### Activity
Exactly as written, set down each line of the data below except its pictures.
------ Data provided ------
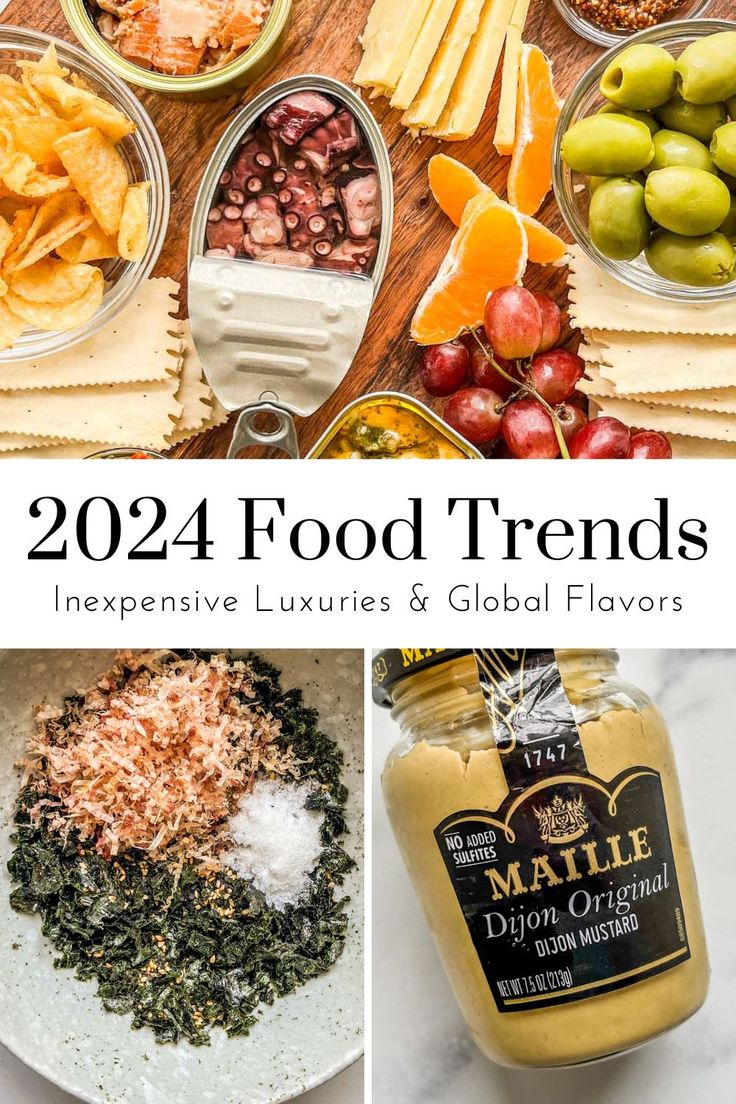 various food items are shown with the title text overlay that reads,'2012 food trends expensive luxury & global flavors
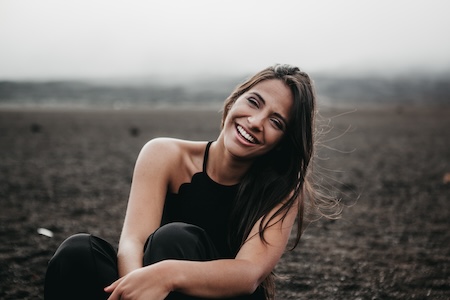 woman smiling on beach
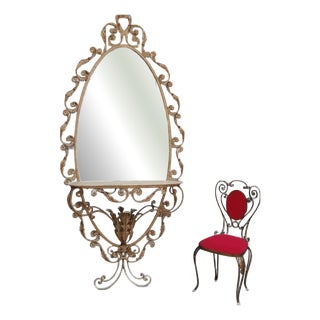 Wrought Iron Hallway Mirror with Marble and Chair with Floral Motif attributed to Pier Luigi Colli, 1960s, Set of 2 For Sale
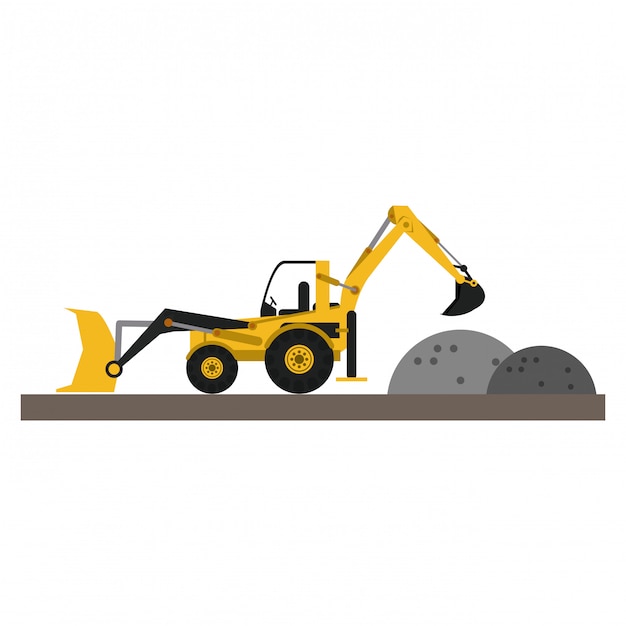 Pelleteuse et gravier sur zone de construction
------
### Written response
 various food items are shown with the title text overlay that reads,'2012 food trends expensive luxury & global flavors
 woman smiling on beach
 Wrought Iron Hallway Mirror with Marble and Chair with Floral Motif attributed to Pier Luigi Colli, 1960s, Set of 2 For Sale
 Pelleteuse et gravier sur zone de construction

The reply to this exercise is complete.